INDEPENDENT NEWS

Fate Of Radio Pasifik In Limbo

Published: Wed 5 Apr 2000 09:15 AM
By Peter Emberson
Journalism student of the University of the South Pacific
SUVA: The fate of Radio Pasifik, the University of the South Pacific's student FM radio station, hangs in the balance as the student leadership wants to pull out.
Student and staff groups keen to keep the 88.8 FM radio open are rallying for support.
It is believed that USP's Media Centre and the journalism programme are considering "rescue" proposals linked to USPNet2000.
Vice-Chancellor Esekia Solofa told the journalism training newspaper Wansolwara he was disappointed that the USP Students Association was "even thinking about" severing ties with the station.
Solofa said he had a personal interest in making the station a success.
But he added that the main reason behind its establishment was to give USPSA and the students an asset to identify as their own - a focal point for cooperation.
"If the students don't value that, then we will have to look for other avenues in which to put this valuable facility to use."
The four-year-old radio station was originally set up by the USPSA as a student initiative.
Steering the attempt to have the station closed down is student president Veresi Bainivualiku - a former Radio Fiji journalist.
He said the station should close as a cost-cutting move and because the radio failed to serve the students on campus.
The USPSA pays $12,000 a year to the university's Media Centre to manage the station.
Late last month, a USPSA meeting was called with the future of the radio station on the agenda.

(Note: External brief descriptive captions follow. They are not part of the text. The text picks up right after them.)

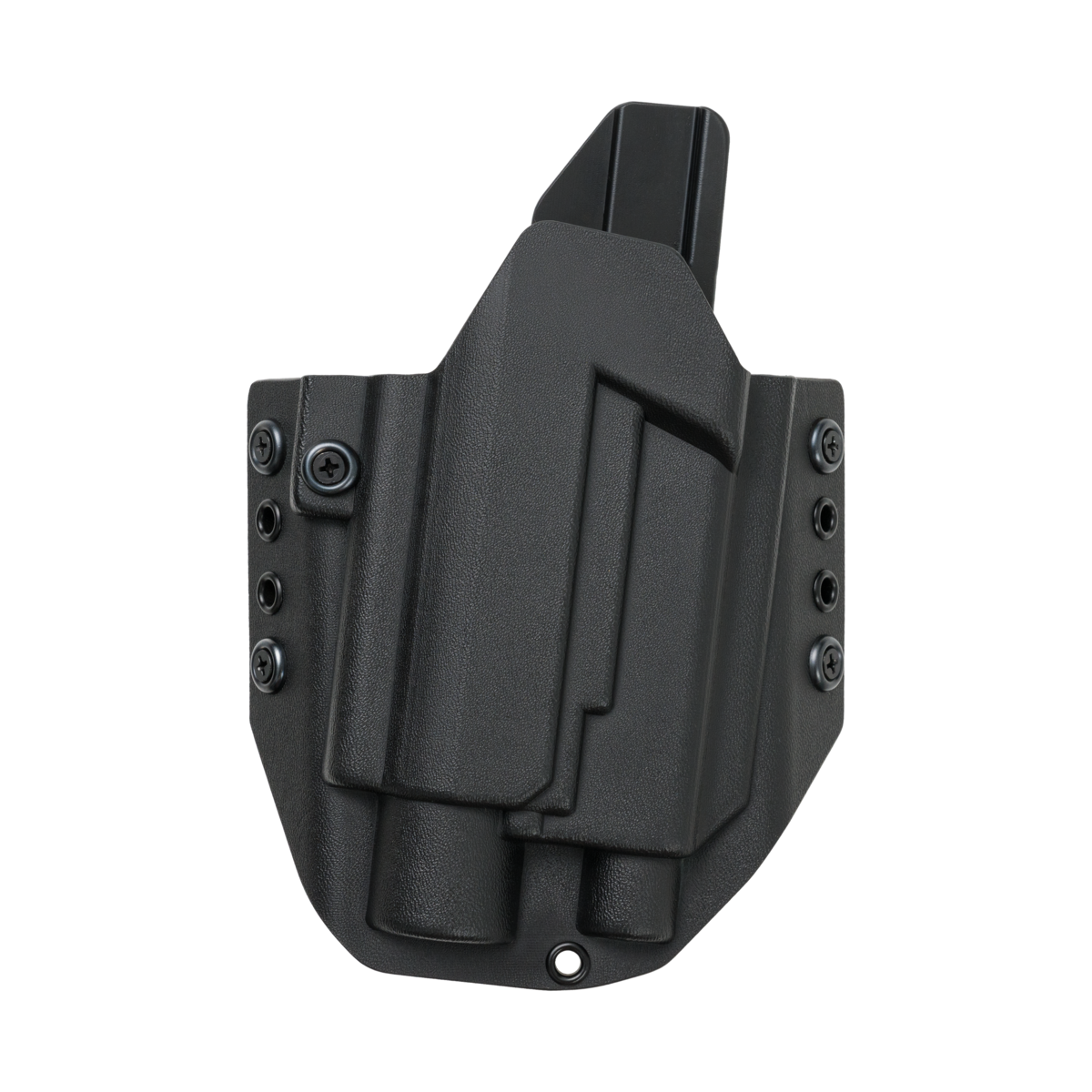Toc extern Helikon-Tex Kydex pentru Glock 17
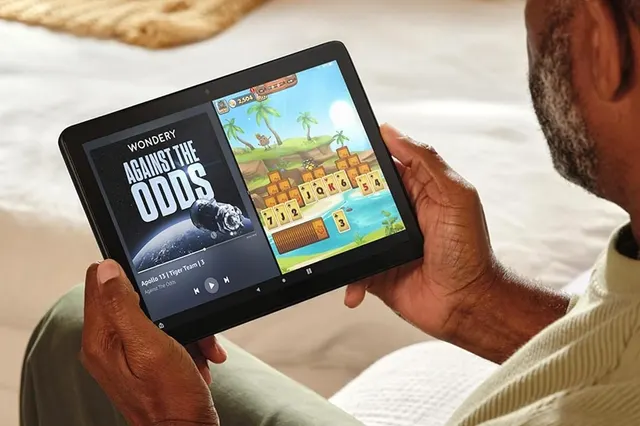 Amazon is phasing out Fire HD tablets, but not without some big discounts first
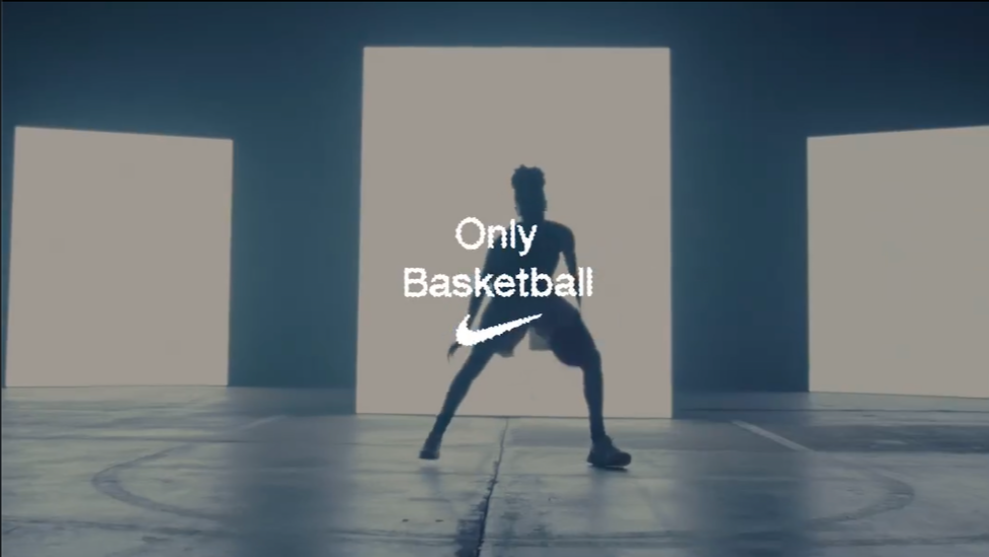 Nike: Only Basketball “Only this Game” | Scoop Jackson
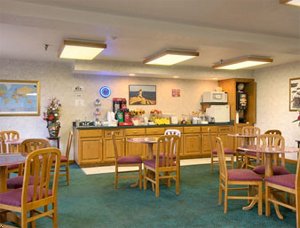 Super 8 Motel - South Hill/La Crosse Area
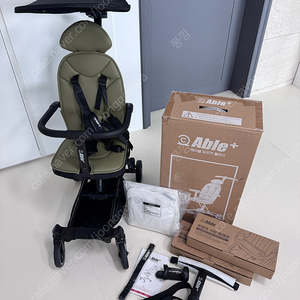 에이블 유모카 플러스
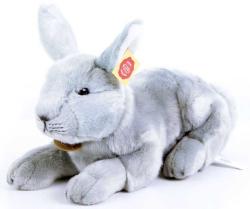 PLYŠ Králík 33cm ležící (plyšová hračka)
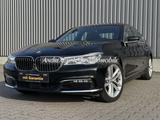 BMW 730 d xDrive TOP  AHK/DISPLAYKEY/LASER/360KAMERA - BMW 7er Reihe in Frankfurt (Main)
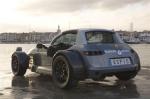 Aspid Super Sport 2008 года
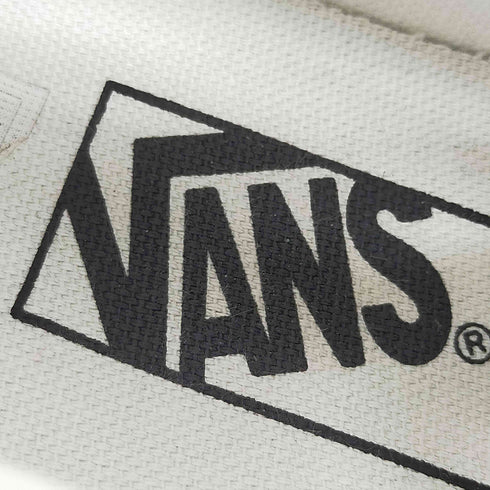 バンズ VANS Authentic オーセンティック ローカットスニーカー レディース JPN:22.5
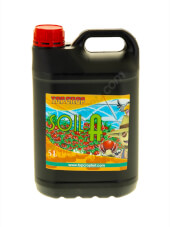 Top Crop Soil A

Secretary Graham Kalmar circulated a letter to the Media Centre and the journalism programme, saying: "As we do not have the expertise or the appropriate knowledge and skills to run the radio station, the new officers are of the view that USPSA should relinquish responsibility in Radio Pasifik."
Representatives of the Media Centre and journalism programme attended the March 17 meeting.
However, the president did not attend the meeting and a proposed resolution was postponed.
Media Centre director Gerald Farkas told the March 17 meeting that after the first year of the radio station's operation, enthusiasm among students "started to wane" - especially close to exam week.
Farkas said the $12,000 paid by the USPSA was "far too little". Often the Media Center was left to shoulder extra running costs.
Senior radio producer Pat Craddock said the radio station was a "great resource and it would be a terrible shame to lose it".
"Around the world many people are frantically trying to get a radio station and they can't because all the airwaves are choked," he said.
Craddock said he believed the radio station could relay its regional news to the USP campuses by the USPNet satellite.
"This would make the station a real regional one rather than just a Laucala campus radio."
Wansolwara was unable to get further comment by the USPSA president.